The present invention provides a continuous seed applicator for food products which is compatible with high speed large scale manufacturing techniques and which will automatically apply seeds to all surfaces of said food products.
Another object of the present invention is to provide a seed applicator which will make economical use of the seeds by preventing waste.
A further object of the present invention is to provide a seed applicator which will operate for long periods of time without excessive accumulation of seeds.

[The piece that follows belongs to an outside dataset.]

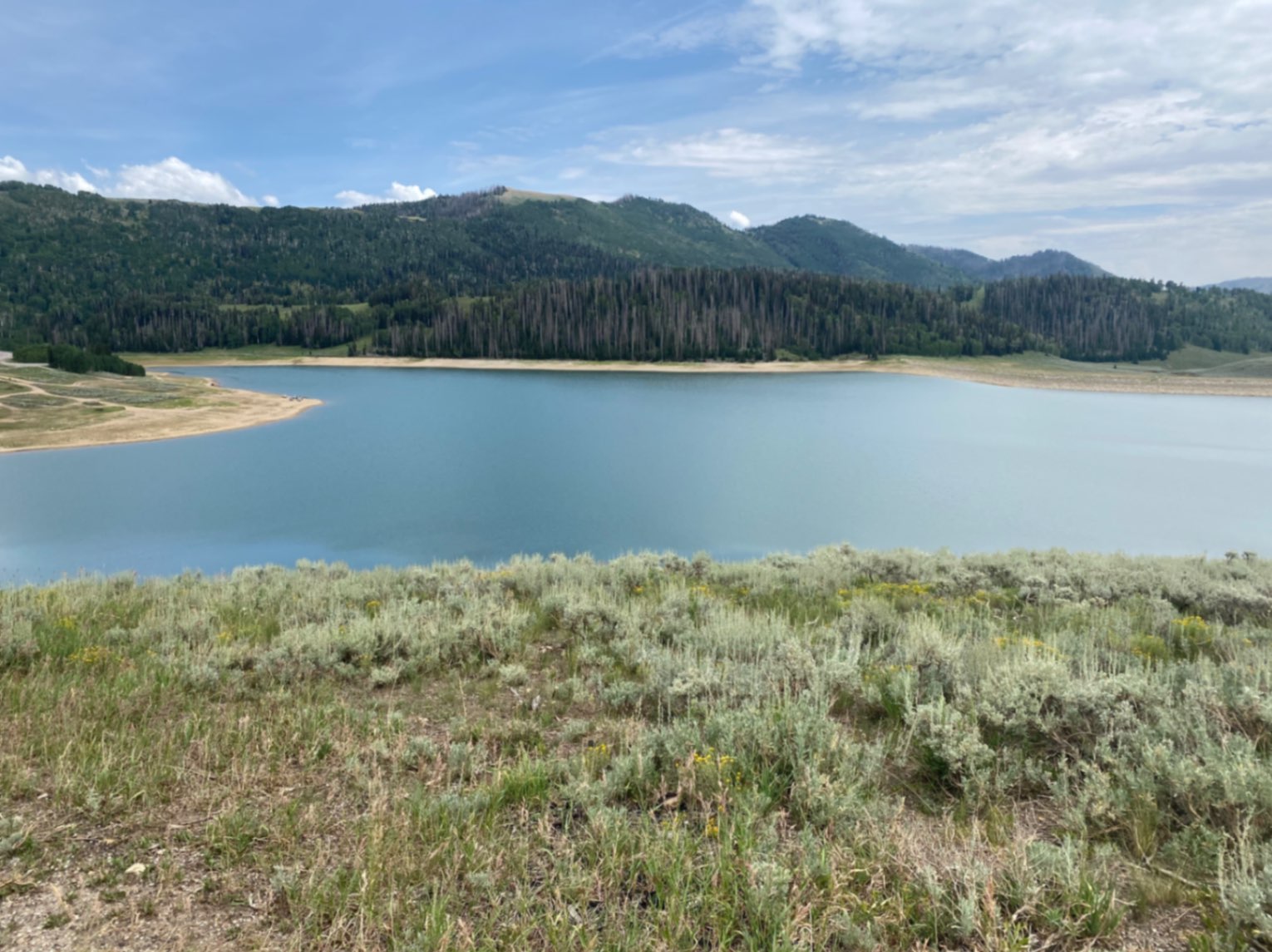 Glassy lake on scenic road in Utah, USA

Still another object of the present invention is to achieve a maximum adherence of seeds to the food product in its finished state.
SUMMARY
In one embodiment of the present invention elongated strips of dough (hereinafter "dough strings") coming from a dough machine are directed upon a first conveyor belt. The dough strings are carried by the first belt into a wetting station and between sponge-like rollers. A second conveyor belt receives the strings coming from the rollers and directs them on to a large grooved drum. Just before the dough strings make contact with the grooves in the drum, a quantity of seeds is directed upon the drum and into the grooves. An additional amount of seeds are sprinkled on the top and sides of the wet dough strings. Seeds are thus placed completely around the dough strings. A pressure roller disposed against the periphery of the grooved drum serves to urge the seeds into firmer contact with the dough strings. Excess seeds fall from the grooved drum and are captured for reuse.

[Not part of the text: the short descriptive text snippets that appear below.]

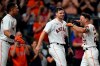 Houston Astros' Jose Altuve (27) celebrates with Chas McCormick (20) and Michael Brantley after hitting a game-winning grand slam during the 10th inning of a baseball game against the Texas Rangers Tuesday, June 15, 2021, in Houston. The Astros won 6-3. (AP Photo/David J. Phillip)
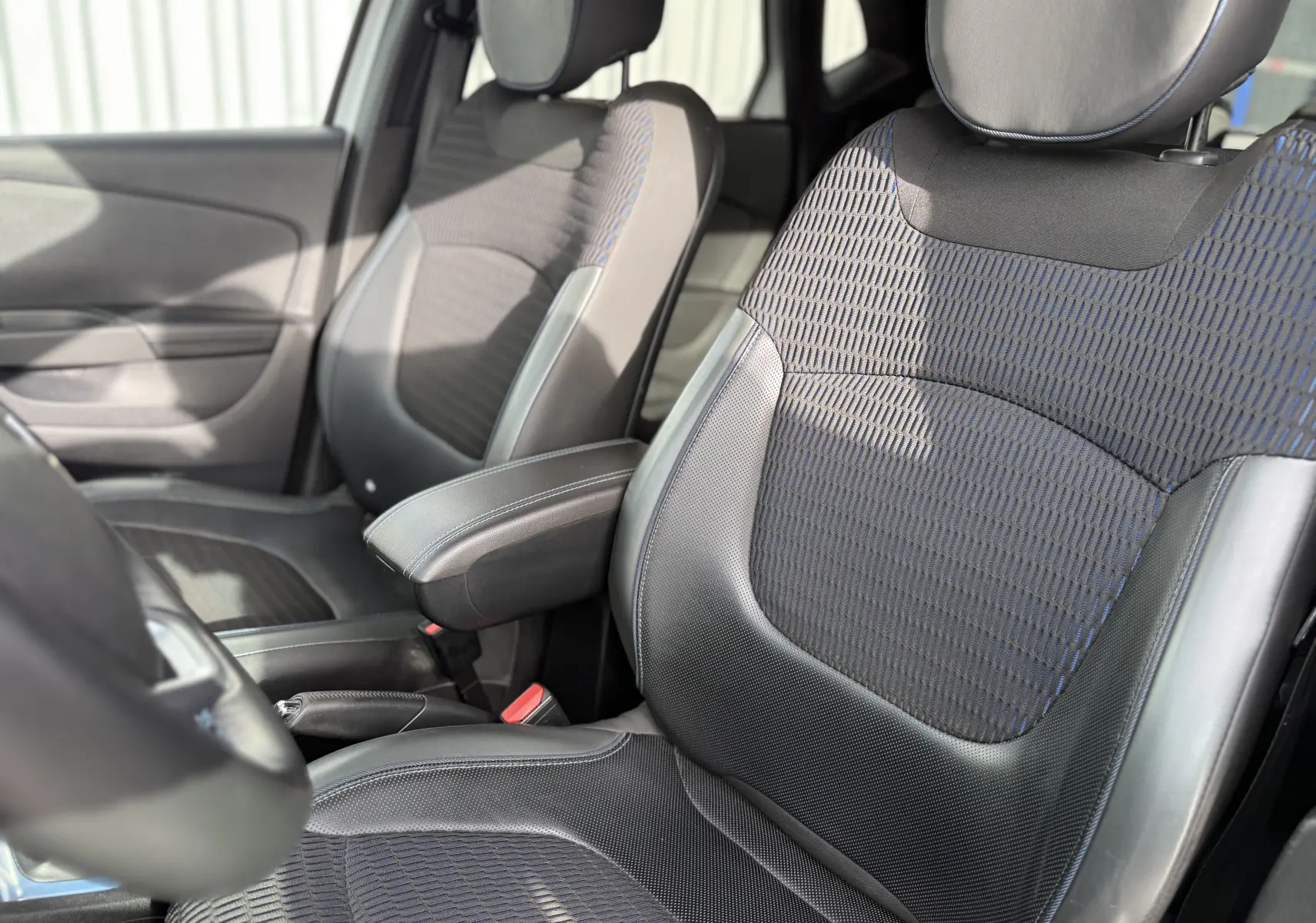 Gros plan sur les sièges avant noirs et bleus du Renault Captur 2017, avec accoudoir central et détails en cuir.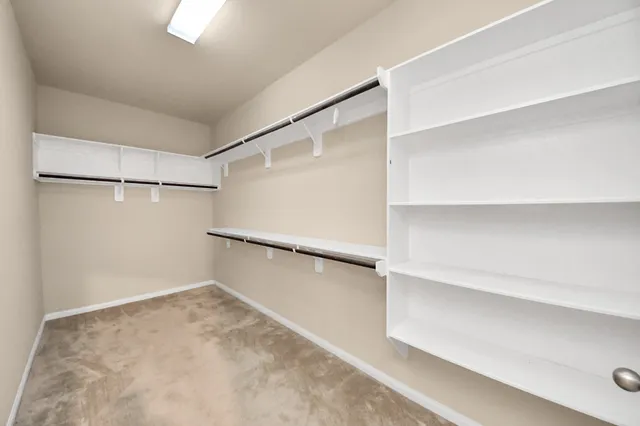 a view of an empty walk in closet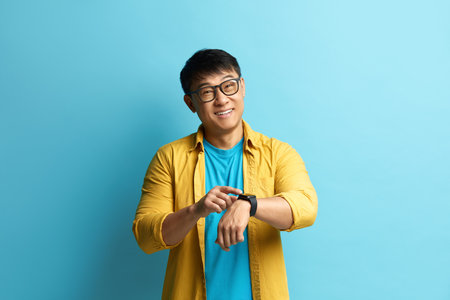 Asian Man Pointing Watch. Cheerful Punctual Guy Pointing at Wrist Watchの写真素材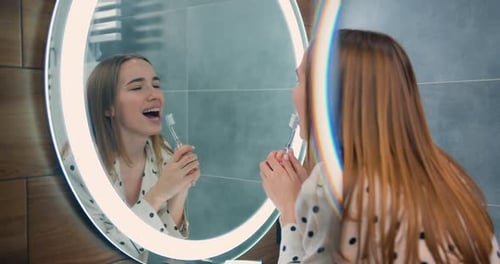 Happy Woman Brushing Teeth in Bathroom Mirror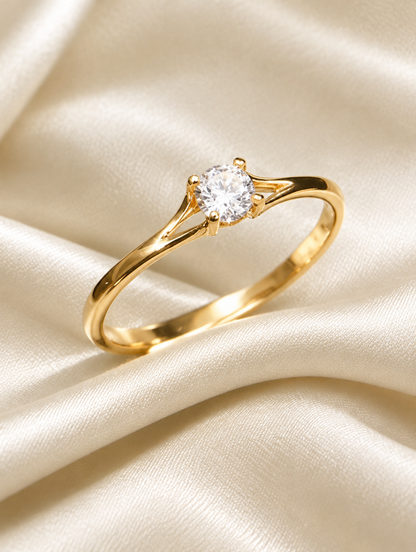 Gold solitaire zirconia ring resting on a soft textured surface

BRIEF DESCRIPTION OF THE DRAWING
In the accompanying drawings forming part hereof similar parts have been given the same reference numerals, in which drawings;
FIG. 1 is a somewhat diagrammatic view in side elevation of a complete embodiment of the present invention with certain parts broken away.
FIG. 2 is a fragmentary view, somewhat enlarged, taken on line 2-2 in FIG. 1.
FIG. 3 is a fragmentary view, somewhat enlarged of the dough wetting station shown in FIG. 1.
FIG. 4 is a top plan view of the apparatus of FIG. 1 with certain parts omitted for the sake of clarity.
DETAILED DESCRIPTION
The embodiment shown on the accompanying drawing has been directed to the manufacture of a baked product known as a bread stick. It will be apparent, however, that other food products may be produced employing the present invention and that the presently described apparatus is not intended to be limited to bread sticks.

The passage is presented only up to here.